**Data**
______
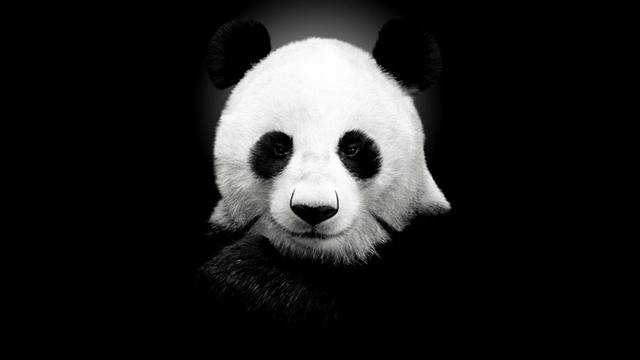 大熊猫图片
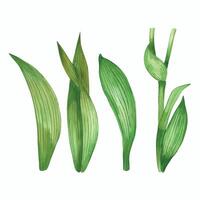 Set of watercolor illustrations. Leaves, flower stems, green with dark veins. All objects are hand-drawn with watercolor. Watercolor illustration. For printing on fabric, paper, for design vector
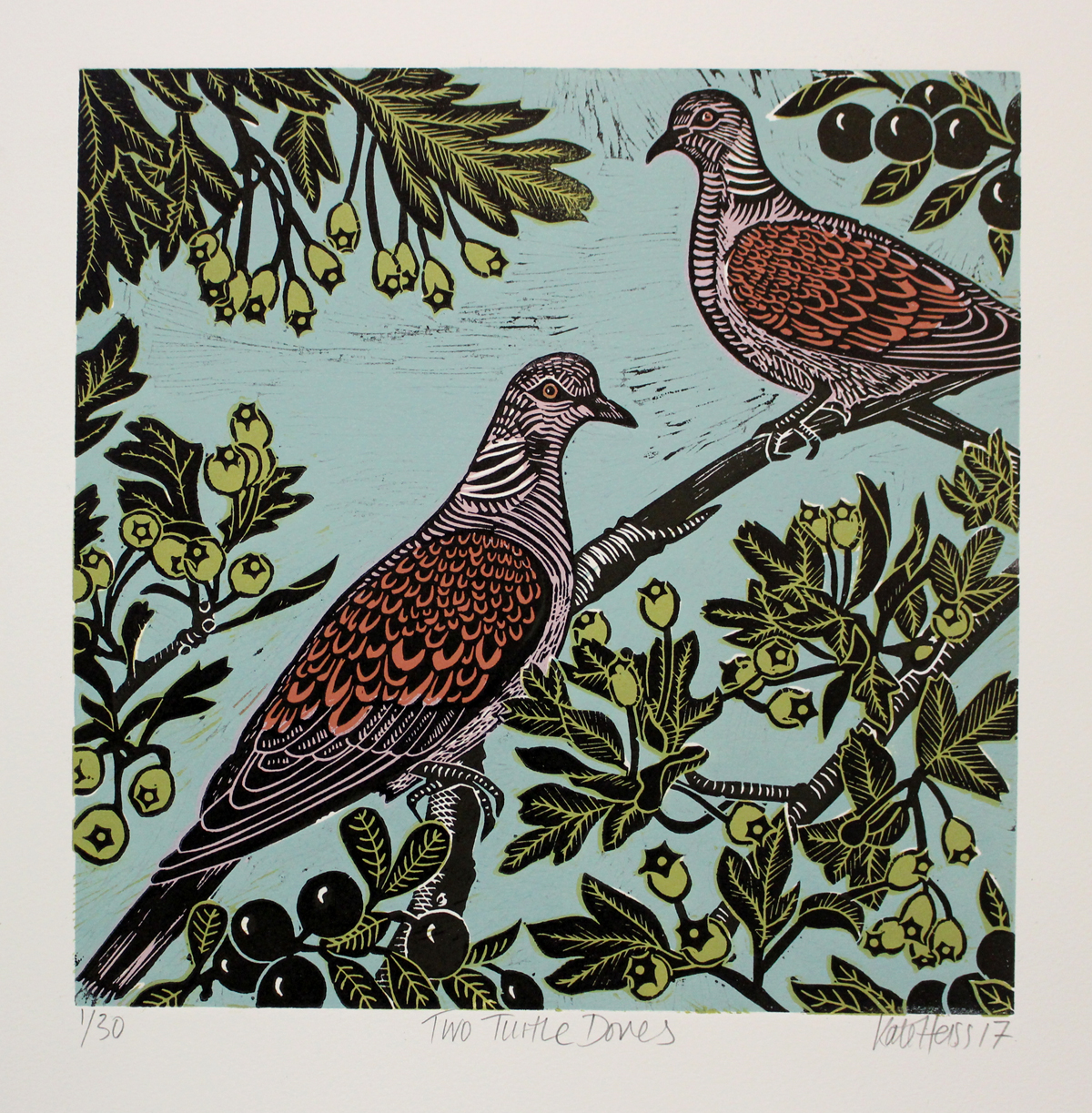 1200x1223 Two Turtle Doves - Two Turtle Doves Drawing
______
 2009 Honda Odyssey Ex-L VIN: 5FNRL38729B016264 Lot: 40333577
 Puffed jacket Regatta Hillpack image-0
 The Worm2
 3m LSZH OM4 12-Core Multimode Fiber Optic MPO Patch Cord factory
______
**What you will do**
Range to copy from the listing above: the line containing "Set of watercolor" down to the line containing "1200x1223 Two Turtle", both included. Reproduce it exactly, minus the pictures, and add nothing.

**Result of this exercise**
 Set of watercolor illustrations. Leaves, flower stems, green with dark veins. All objects are hand-drawn with watercolor. Watercolor illustration. For printing on fabric, paper, for design vector
 1200x1223 Two Turtle Doves - Two Turtle Doves Drawing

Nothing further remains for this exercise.